You worked in the D.C. area in 1989 and have traveled extensively through Virginia for “Avec Eric,” including a visit to Joel Salatin’s Polyface Farms. What did you think?
I was so happy to return to Virginia—I knew it was beautiful, but had forgotten just how beautiful. What Joel does makes sense and proves that you can have sustainability. It is the ideal model for the land, for the animals and for our diet—he’s an inspiration and the solution for the future.

Do you think the locavore movement is here to stay?
It’s certainly interesting and an inspiration, but I prefer not to get obsessive over it and eat nothing but apples all winter. I think preserving food is great and have childhood memories of parties when we’d all help boiling and peeling tomatoes to prepare for the winter.

What can we expect from you and Chef Bourdain? A food fight?
He likes to roast me first, then it is my turn. We both love food—Anthony is less fine dining, but he likes good food and he knows good ingredients.

I know you are partial to Bordeaux (and tequila), but have you tasted Virginia wine?
I love scotch now too! I haven’t tried Virginia wine, but will have a good opportunity to when I come to Charlottesville.

“No Reservations” chef Anthony Bourdain will bring his foodie smarts and sharp tongue to the Paramount stage this weekend.

The bad chef
Anthony Bourdain is crass, offensive and grumpy—but we can’t seem to get enough of him. The foul-mouthed, omnivorous chef became a household name in 2000 with his best-selling book, Kitchen Confidential, in which he exposed the good, the bad and the downright unappetizing subculture of the restaurant world. He became a television star in 2005 when his book A Cook’s Tour inspired a Travel Channel show called “No Reservations,” with Bourdain serving as our intrepid, chain-smoking (though he recently kicked that habit), heavily imbibing host.

After nine seasons of putting anything and everything into his mouth (he once swallowed a still-beating cobra heart in Vietnam) and letting anything and everything spew out of it (he once called the butter-slathering Food Network star Paula Dean the worst, most dangerous person to America), he debuts a new series called “The Layover” on November 21, where he eats and drinks his way through a city—“from dive bars to five stars”—in 24 to 48 hours. His latest book, Medium Raw: A Bloody Valentine to the World of Food and the People Who Cook, returns to the underbelly of the culinary world through interviews with other controversial foodie figures. Keep feeding us, Tony—we’re always hungry for more.

The chefs’ chef
Pei Chang, Ten’s executive chef who’s cooked for the Grammys and Oscars at the Kodak Theater in Los Angeles, wasn’t nervous about cooking for Chefs Eric Ripert and Anthony Bourdain—that is, until people started asking him if he was. Of course, he has no reason for nerves. Chang’s cooked at the second floor sushi mecca on-and-off since it opened in 2006 (with stints at Keswick in between, where his brother-in-law, Dean Maupin, is executive chef) and has been at the kitchen’s helm for a year and a half now.
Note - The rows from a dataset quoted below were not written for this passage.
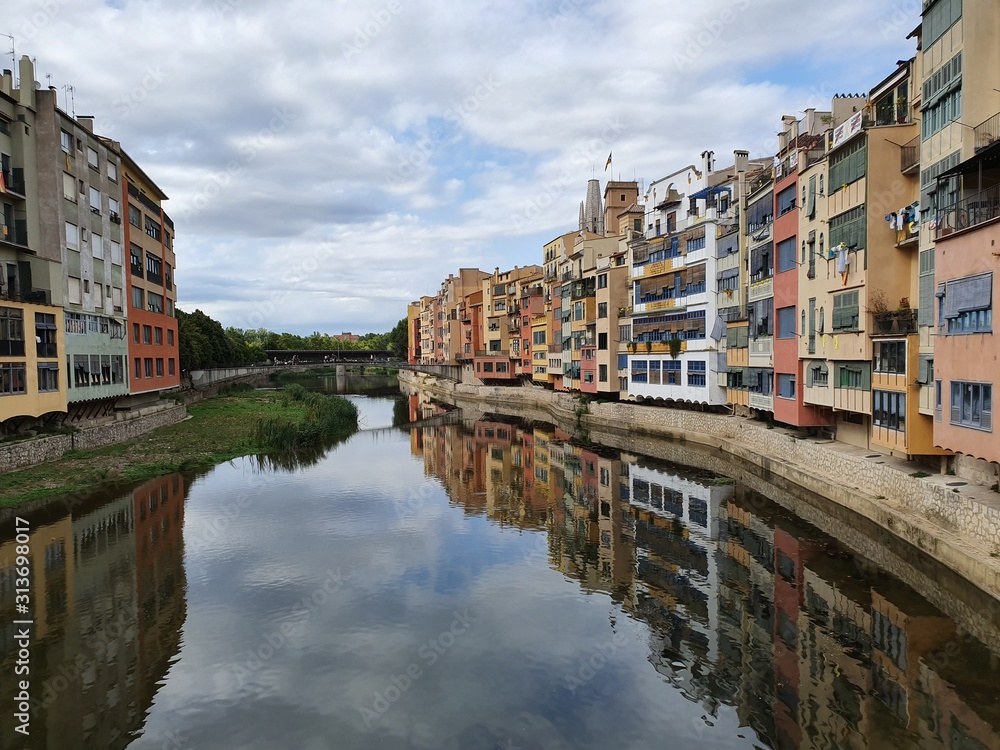 The city on the river, bridge and street of the old town with colofrul houses in summer  Spain.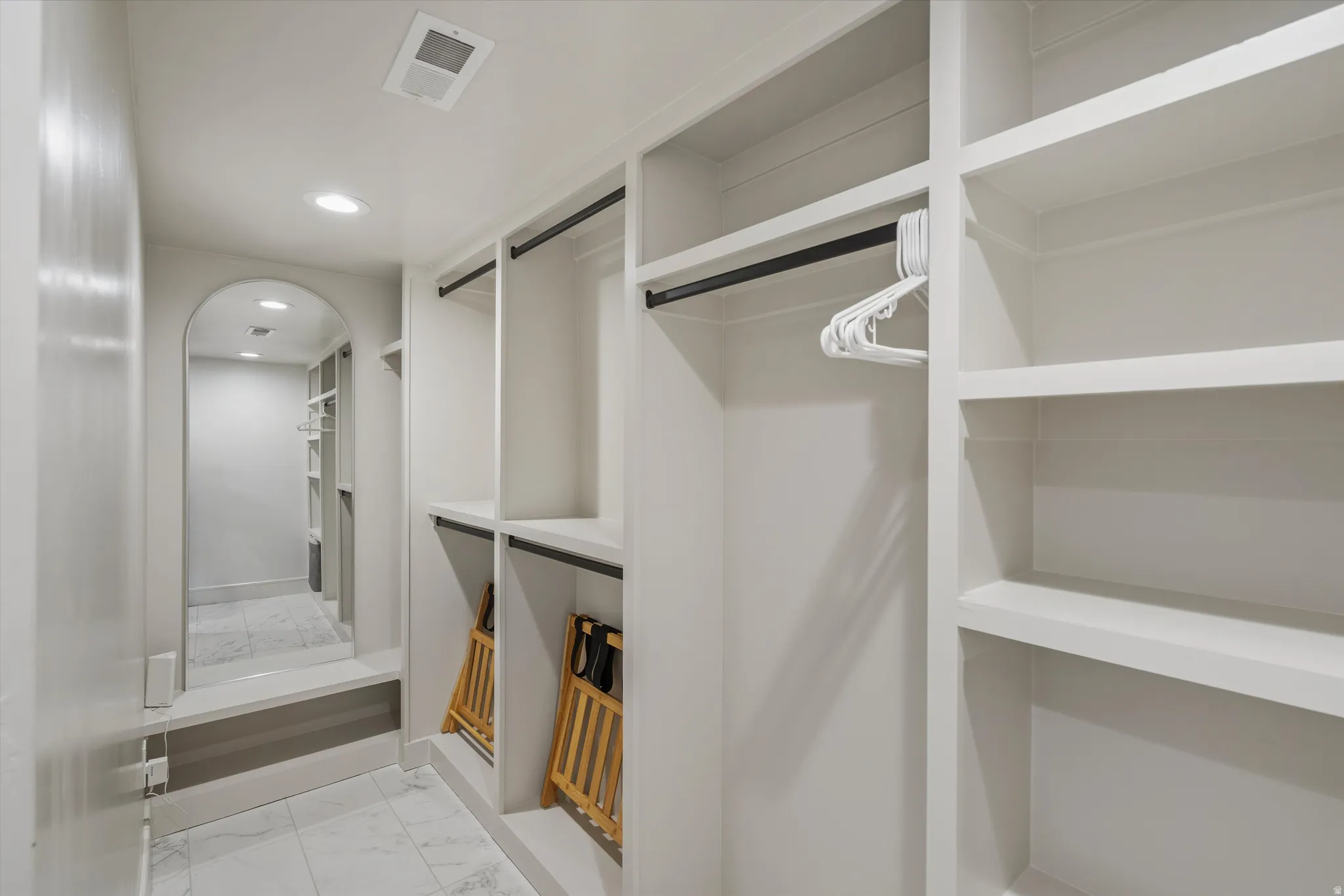 Spacious closet with light marble finish floors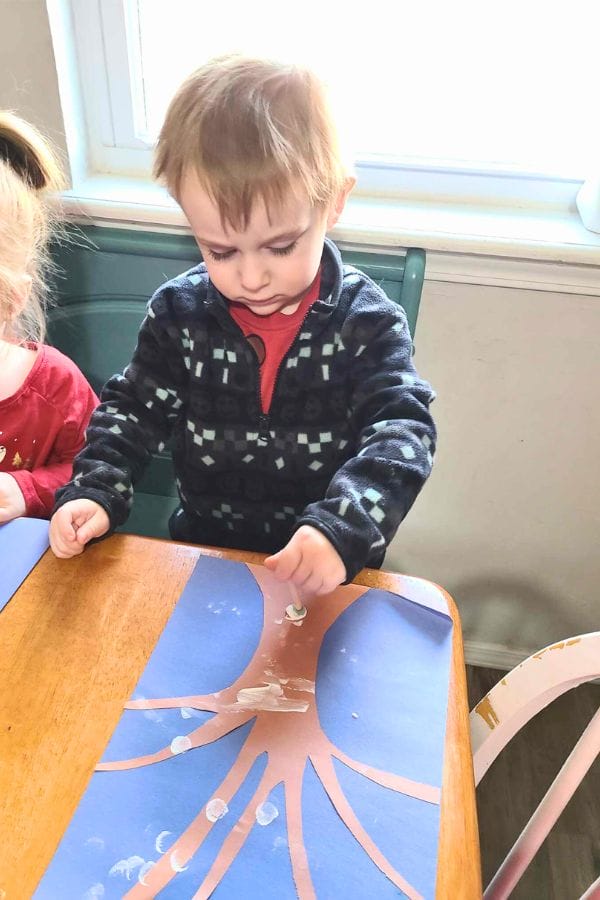 A child sits at a table, engaged in a winter-themed lesson plan, pressing white paint onto a paper tree with their finger.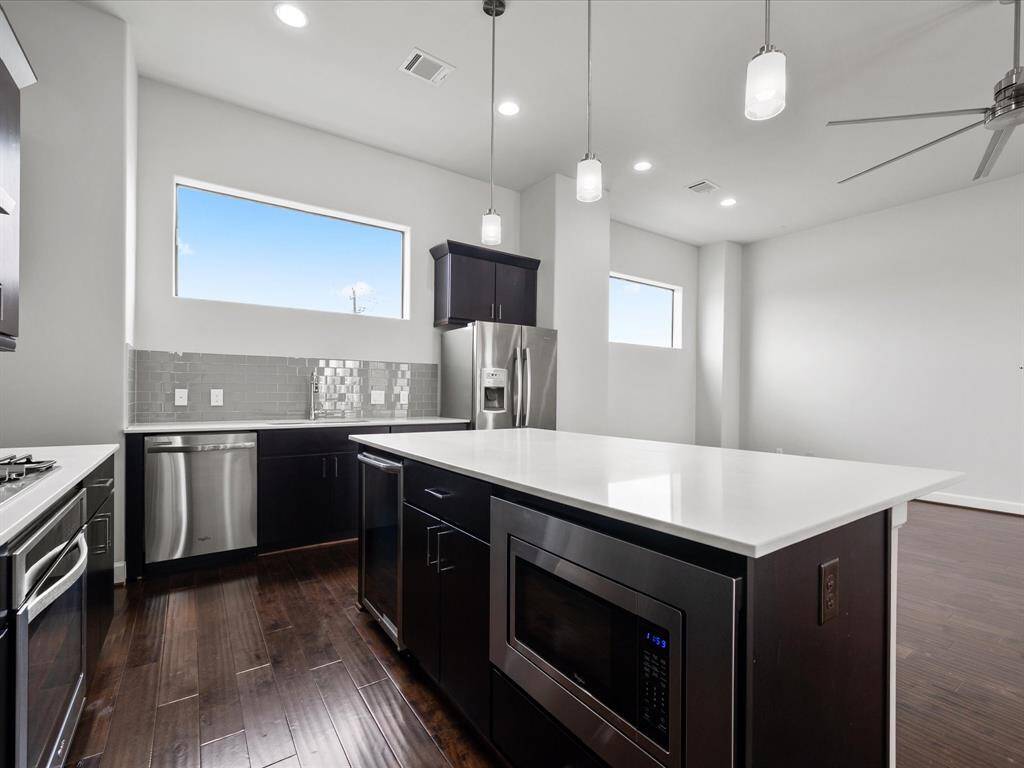 Modern appliances included—fridge, stove, dishwasher.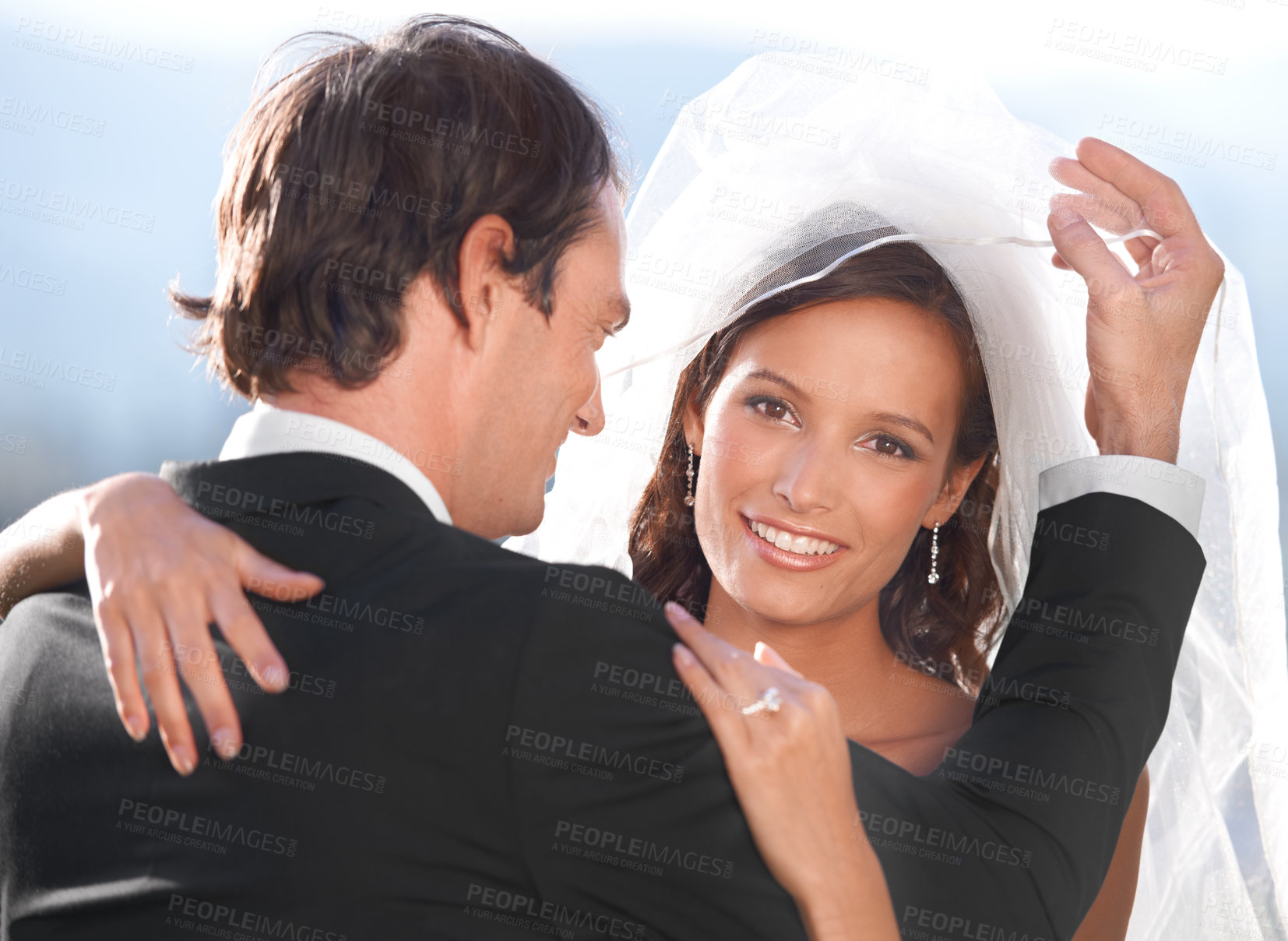 Buy stock photo Portrait, happy woman and man embrace at wedding with smile, love and commitment at outdoor reception. Romance, face of bride and groom at marriage celebration with sky, loyalty and future together.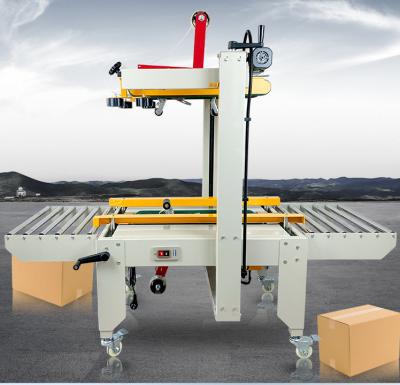 China FXJ6050 Semi Automatic Food Belt Carton Sealer Box Case Sealer Taping Carton Sealing Machine for sale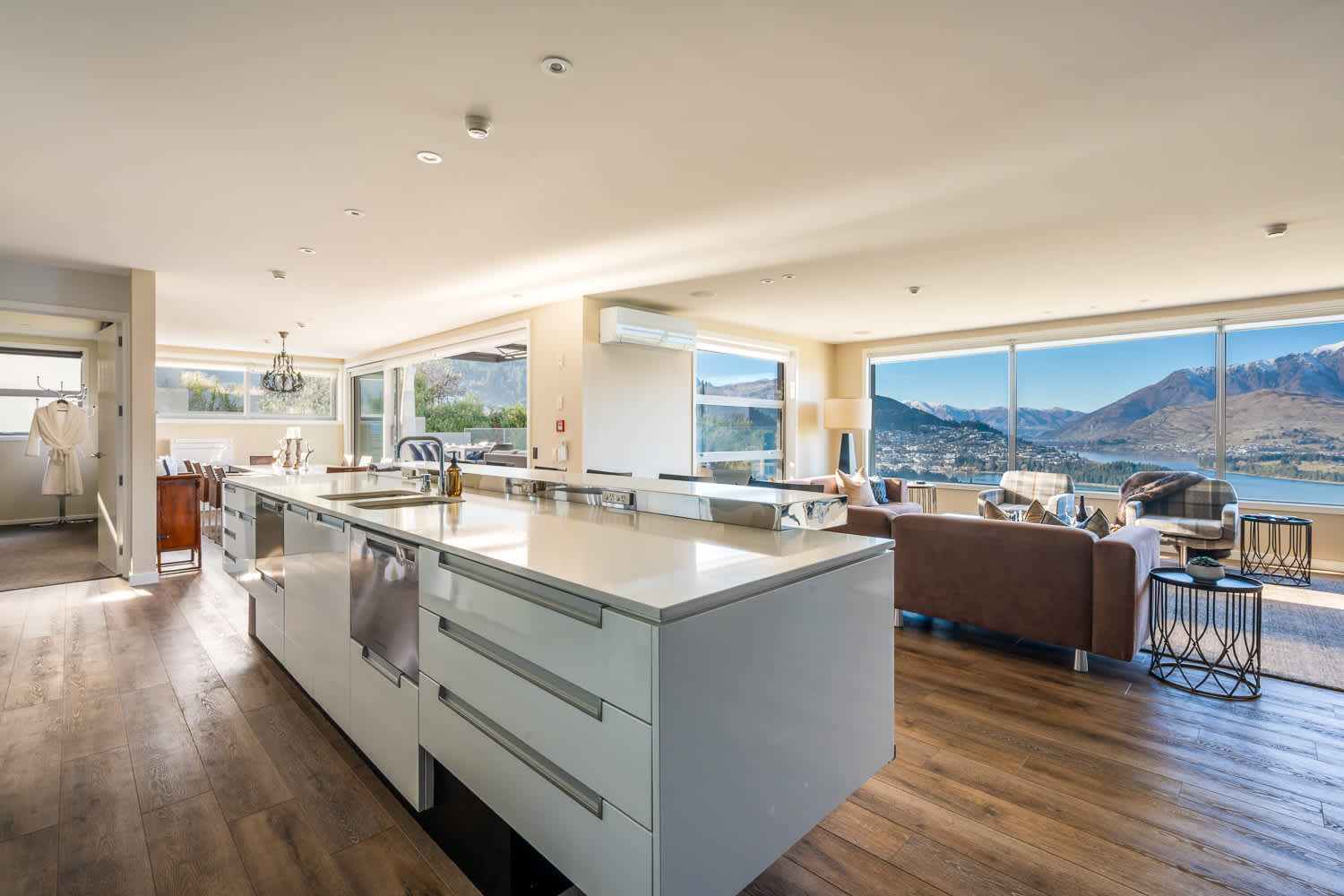 Enjoy the convenience of a well-stocked pantry alongside sleek cabinetry and contemporary finishes. This kitchen is perfect for creating memorable meals during your Queenstown getaway.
After Bourdain and Ripert entertain a sold-out audience at the Paramount, they’ll head to Ten with 150 VIP ticket holders to sign books and chat over drinks and passed hors d’oeuvres. Although Chang’s never met the chefs, he knows from their books and television shows that they love the clean and simple flavors of Asian food and plans to do what he does best—sushi and a few grilled items—just gussied up a bit. “What do you serve people who’ve eaten everything in the world?” said Chang. He’s especially excited about the o-toro sushi with white truffle paste he has planned for the evening.